Télécharger un modèle Procès-verbal + exemple rédigé PV d’entretien CSE⬇️
Un entretien avec le CSE ressemble souvent à un moment charnière : une question sensible à clarifier, une alerte à traiter, une décision à cadrer, une situation humaine à sécuriser. À cet instant, le procès-verbal (PV) devient plus qu’un simple compte rendu.
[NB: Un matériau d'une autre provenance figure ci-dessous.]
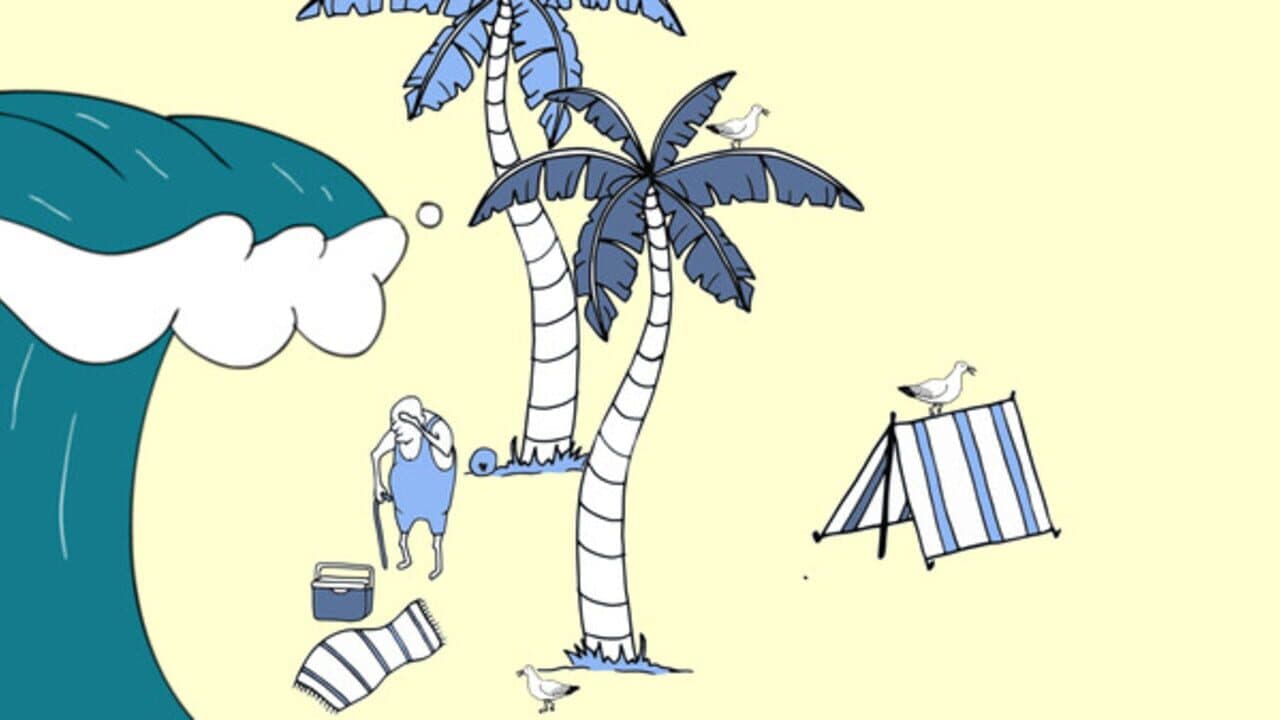 Beach Bums thumbnail 3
Il transforme un échange oral en trace structurée, datée, partageable, et utilisable comme référence lors des suivis, des contrôles, ou d’un éventuel contentieux.
L’objectif du PV d’entretien CSE tient en une phrase : fixer les faits, les positions et les décisions sans déformer les propos, sans dramatiser, et sans laisser de zones grises.
1) Procès-verbal, compte rendu, relevé de décisions : à quoi sert chaque format ?
Dans la pratique, trois documents circulent souvent :
Le procès-verbal (PV) : il consigne les délibérations et la “matière” de la réunion/entretien, avec un niveau de détail suffisant pour comprendre ce qui a été dit, discuté, acté.
Le compte rendu : il vise la lecture rapide, parfois plus narratif, parfois plus synthétique.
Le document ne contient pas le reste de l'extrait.